DATASET EXTRACT: Begin
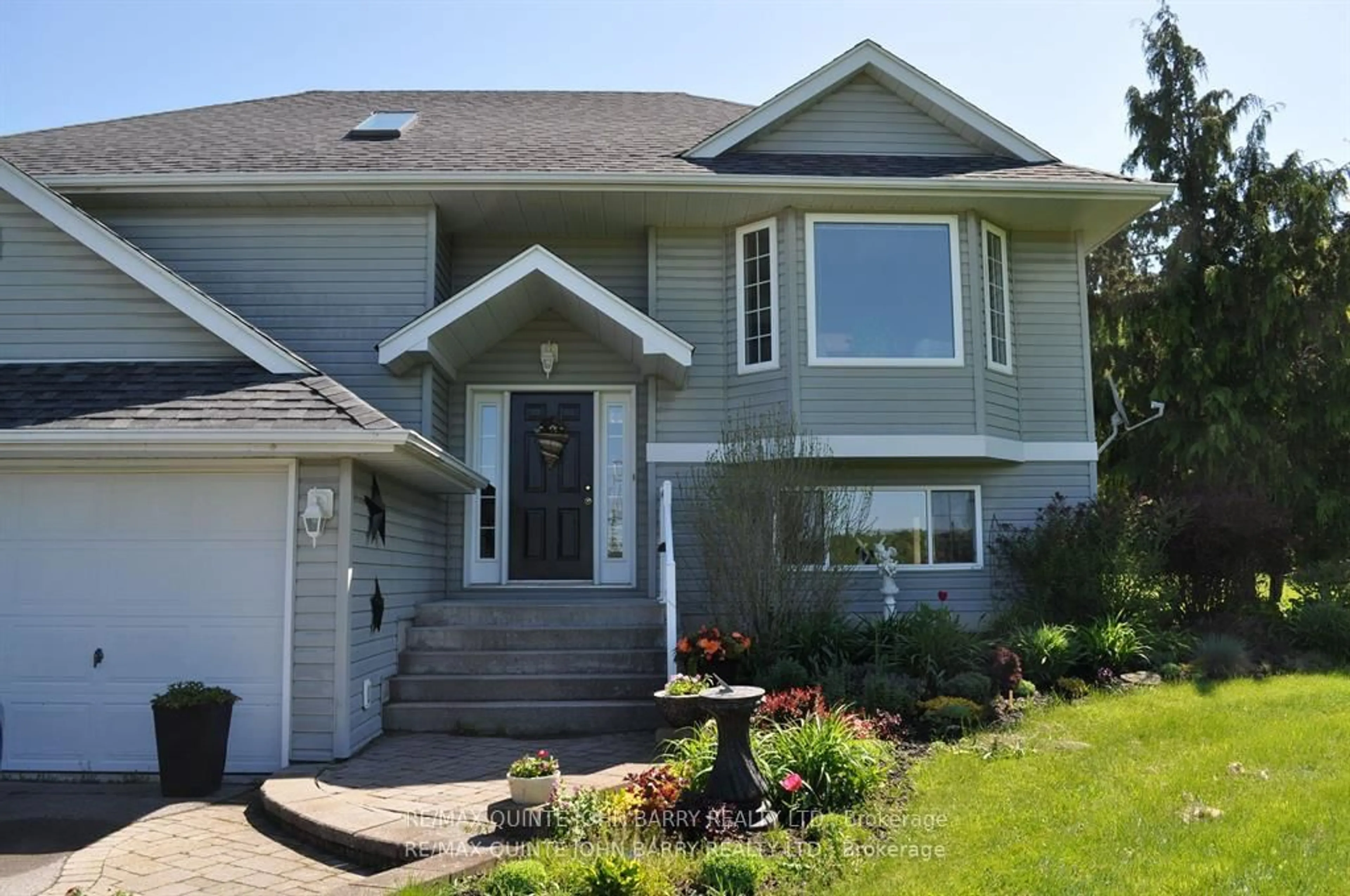 Home with vinyl exterior material, street for 77 Fitzgerald Rd, Quinte West Ontario K8V 0B1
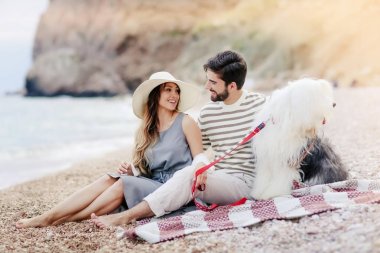 Genç çift ekose plaj ve gülümseyen birbirine bakarak otururken tüylü köpek ile dinlenme aşık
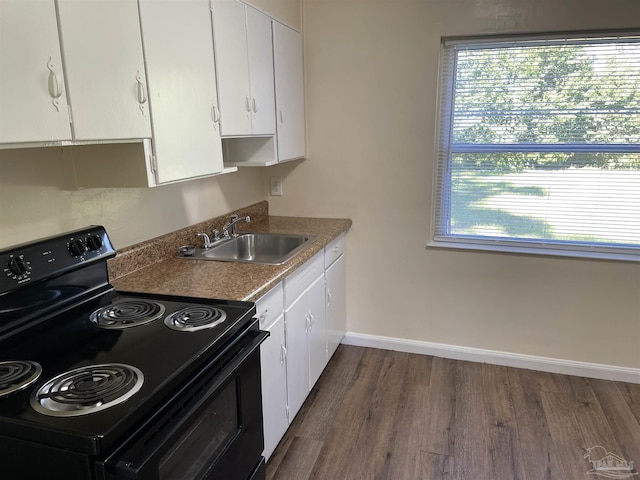 kitchen featuring dark hardwood / wood-style floors, black electric range, white cabinets, and sink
DATASET EXTRACT: End
AIM OF THE TASK:
With the pictures removed, copy the data above word for word.

WRITTEN SOLUTION:
 Home with vinyl exterior material, street for 77 Fitzgerald Rd, Quinte West Ontario K8V 0B1
 Genç çift ekose plaj ve gülümseyen birbirine bakarak otururken tüylü köpek ile dinlenme aşık
 kitchen featuring dark hardwood / wood-style floors, black electric range, white cabinets, and sink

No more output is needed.